*** Raw data ***

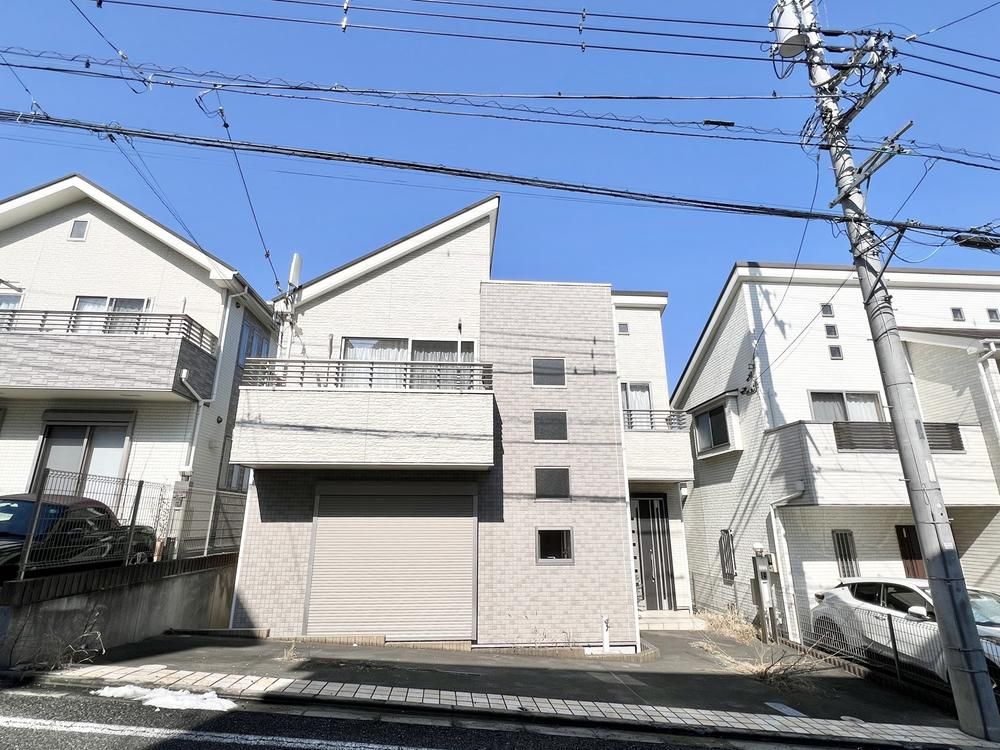 Renovated 3LDK Designer House in Hachioji, Tokyo - Thumbnail 2
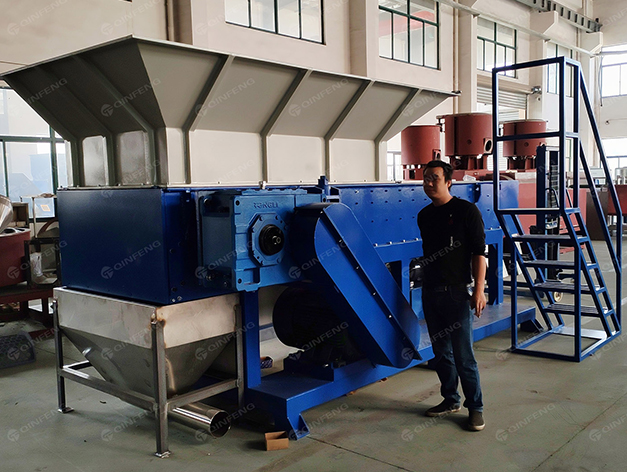 應(yīng)對包裝行業(yè)中的廢棄泡沫材料：秦風(fēng)機(jī)械的創(chuàng)新回收解決方案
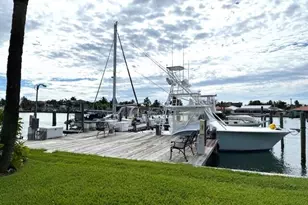 1351 Bayshore Dr, Fort Pierce, FL 34949 - Photo 25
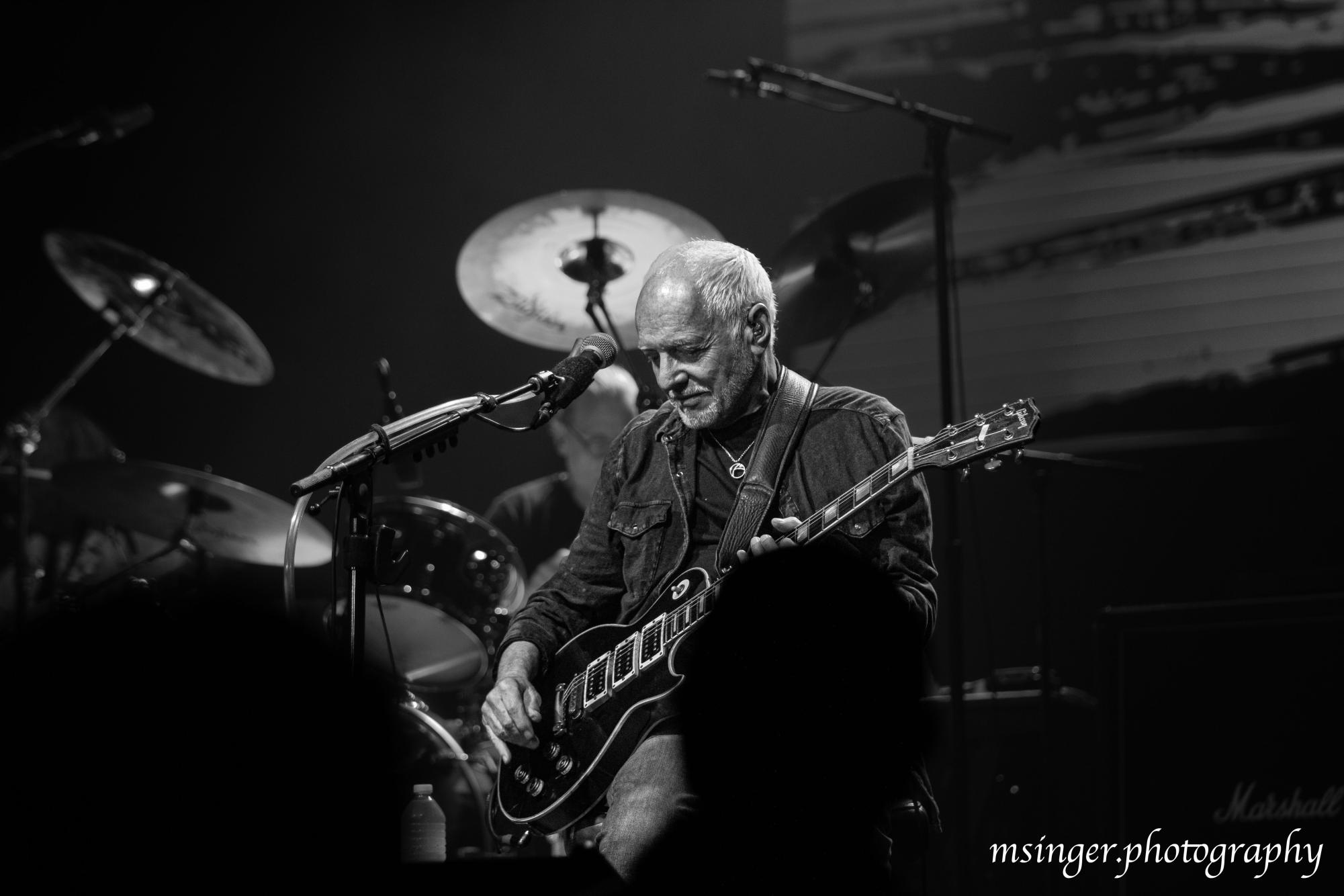 Two Days, Two Cities, One Legend: Peter Frampton Live in New York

*** End of Raw data ***

In the data above, find the line containing "應(yīng)對包裝行業(y", then output it and every later line exactly, without the pictures.

- [Exercise output]:
 應(yīng)對包裝行業(yè)中的廢棄泡沫材料：秦風(fēng)機(jī)械的創(chuàng)新回收解決方案
 1351 Bayshore Dr, Fort Pierce, FL 34949 - Photo 25
 Two Days, Two Cities, One Legend: Peter Frampton Live in New York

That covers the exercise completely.